D’autre part, nous sommes opposé.e.s à la stratégie d’ouverture à la concurrence des lignes normandes inscrite dans cette convention, alors que la Région aurait pu reconduire pour 10 ans le monopole de la SNCF. Comme d’autres Régions, nous pouvions nous donner plusieurs années afin de réellement travailler à améliorer le service tout en préparant l’ouverture à la concurrence après 2030 pour la gérer du mieux possible. Nous avons aujourd’hui besoin d’augmenter l’offre et de simplifier la tarification pour encourager le report modal depuis la voiture. De ce point de vue, mobiliser des moyens humains et financiers pour intégrer de nouveaux opérateurs sur le marché est simplement contre-productif.
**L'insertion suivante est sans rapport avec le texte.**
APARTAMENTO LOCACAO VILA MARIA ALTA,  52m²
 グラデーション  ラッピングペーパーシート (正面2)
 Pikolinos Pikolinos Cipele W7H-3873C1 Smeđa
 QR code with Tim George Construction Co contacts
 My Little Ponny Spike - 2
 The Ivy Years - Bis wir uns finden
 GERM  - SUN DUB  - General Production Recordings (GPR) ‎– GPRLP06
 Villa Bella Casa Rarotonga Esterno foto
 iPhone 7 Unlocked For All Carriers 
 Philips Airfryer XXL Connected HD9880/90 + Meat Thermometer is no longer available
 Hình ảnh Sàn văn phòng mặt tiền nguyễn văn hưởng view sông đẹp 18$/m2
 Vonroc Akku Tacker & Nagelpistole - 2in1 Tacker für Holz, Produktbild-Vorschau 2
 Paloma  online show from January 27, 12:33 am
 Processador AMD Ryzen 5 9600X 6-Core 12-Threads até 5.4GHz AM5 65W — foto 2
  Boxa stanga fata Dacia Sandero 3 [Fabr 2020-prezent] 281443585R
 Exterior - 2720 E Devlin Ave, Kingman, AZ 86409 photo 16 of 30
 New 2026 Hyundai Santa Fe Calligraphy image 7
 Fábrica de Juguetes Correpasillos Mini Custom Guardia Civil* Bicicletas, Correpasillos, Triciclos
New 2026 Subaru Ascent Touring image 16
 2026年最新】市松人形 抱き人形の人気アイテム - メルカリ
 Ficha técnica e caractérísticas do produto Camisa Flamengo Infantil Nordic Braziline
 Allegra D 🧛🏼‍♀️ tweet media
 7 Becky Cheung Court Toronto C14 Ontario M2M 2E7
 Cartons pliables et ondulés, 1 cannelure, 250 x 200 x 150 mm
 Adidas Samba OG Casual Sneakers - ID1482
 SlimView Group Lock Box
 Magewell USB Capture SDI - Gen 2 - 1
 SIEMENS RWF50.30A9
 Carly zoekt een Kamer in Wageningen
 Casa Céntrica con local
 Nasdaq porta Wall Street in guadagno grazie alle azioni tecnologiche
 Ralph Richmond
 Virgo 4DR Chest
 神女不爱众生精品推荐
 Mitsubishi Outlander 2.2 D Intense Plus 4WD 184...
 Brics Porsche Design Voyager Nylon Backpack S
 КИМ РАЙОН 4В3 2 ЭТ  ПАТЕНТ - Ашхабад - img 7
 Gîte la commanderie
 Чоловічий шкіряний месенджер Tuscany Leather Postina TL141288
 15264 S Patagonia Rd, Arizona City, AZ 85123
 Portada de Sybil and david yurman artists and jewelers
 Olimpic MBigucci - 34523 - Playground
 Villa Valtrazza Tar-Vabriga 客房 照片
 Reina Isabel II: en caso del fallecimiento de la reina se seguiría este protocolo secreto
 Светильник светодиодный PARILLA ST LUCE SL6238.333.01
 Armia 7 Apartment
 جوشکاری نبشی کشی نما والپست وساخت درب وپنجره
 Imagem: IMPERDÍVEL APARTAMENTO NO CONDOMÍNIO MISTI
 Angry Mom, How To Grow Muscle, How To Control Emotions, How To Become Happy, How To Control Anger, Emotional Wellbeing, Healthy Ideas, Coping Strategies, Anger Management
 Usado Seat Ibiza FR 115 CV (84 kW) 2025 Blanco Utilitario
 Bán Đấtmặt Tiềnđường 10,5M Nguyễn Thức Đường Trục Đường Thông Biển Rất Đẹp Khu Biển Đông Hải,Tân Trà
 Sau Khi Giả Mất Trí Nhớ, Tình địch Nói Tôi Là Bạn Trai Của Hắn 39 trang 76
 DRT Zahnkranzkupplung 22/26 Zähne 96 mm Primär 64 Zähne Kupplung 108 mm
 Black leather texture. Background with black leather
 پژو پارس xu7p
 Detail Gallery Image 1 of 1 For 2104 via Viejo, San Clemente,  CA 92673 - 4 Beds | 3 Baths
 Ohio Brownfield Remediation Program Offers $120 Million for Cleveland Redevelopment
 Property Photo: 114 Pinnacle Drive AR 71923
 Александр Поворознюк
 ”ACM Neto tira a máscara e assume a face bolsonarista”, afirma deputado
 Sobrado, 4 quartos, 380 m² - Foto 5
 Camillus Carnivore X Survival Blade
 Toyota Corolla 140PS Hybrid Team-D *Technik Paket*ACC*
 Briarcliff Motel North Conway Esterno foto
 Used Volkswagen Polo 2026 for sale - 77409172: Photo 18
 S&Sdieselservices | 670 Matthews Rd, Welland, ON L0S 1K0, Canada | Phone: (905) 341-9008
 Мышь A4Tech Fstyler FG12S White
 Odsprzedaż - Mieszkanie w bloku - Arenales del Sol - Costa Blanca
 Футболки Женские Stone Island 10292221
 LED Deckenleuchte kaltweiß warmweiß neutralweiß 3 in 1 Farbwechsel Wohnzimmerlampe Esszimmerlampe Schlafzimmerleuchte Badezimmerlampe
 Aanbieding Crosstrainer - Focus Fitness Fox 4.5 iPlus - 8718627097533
Guillaume Hédouin a pris la parole sur le nouveau dispositif « Normandie En Transition », qui instaure un mécanisme de financement participatif pour des petits projets liés à la transition écologique. Une idée issue des travaux de l’Espace Normand de Coopération pour Accompagner la Transition Écologique (ENCATE), mais qui ne répond que partiellement aux attentes formulées par les acteurs concernés. Un point du dispositif nous interroge particulièrement : « le conditionnement de l’obtention de la subvention de la Région à la réussite de l’appel aux dons, qui pourrait sanctionner des projets qui ne seraient pas forcément très attractifs pour le public des donateurs», en dépit de leur intérêt. La possibilité de baisser la subvention régionale dans le cas où l’appel aux dons dépasse 50% du budget prévisionnel est également regrettable car elle n’incite pas les associations à dépasser les objectifs et à élargir les projets. Si nous ne sommes pas opposé.e.s à ce dispositif, ses modalités nous interrogent et justifient notre abstention.

Pour terminer cette Assemblée plénière, nous avons posé deux questions orales, auxquelles nous allons recevoir des réponses par écrit :

–          La première, de Geneviève Augé, porte sur la part de produits issus de l’Agriculture Biologique dans les établissements dont la restauration est à la charge de la Région. Alors que la loi impose au moins 20% de produits bios, cette proportion était, en 2021, inférieure à 5% dans les lycées normands. Nous avons donc demandé au Président Morin de présenter un calendrier et des moyens permettant à la Région de se conformer à ses obligations légales ;

–          La seconde, posée par Laetitia Sanchez, est relative à l’acquisition par la Région, le Département du Calvados et la ville de Caen d’une lettre de Charlotte Corday, pour un montant de 271 000€. Une acquisition contestée par le Ministère de la culture sur laquelle nous demandons donc des explications.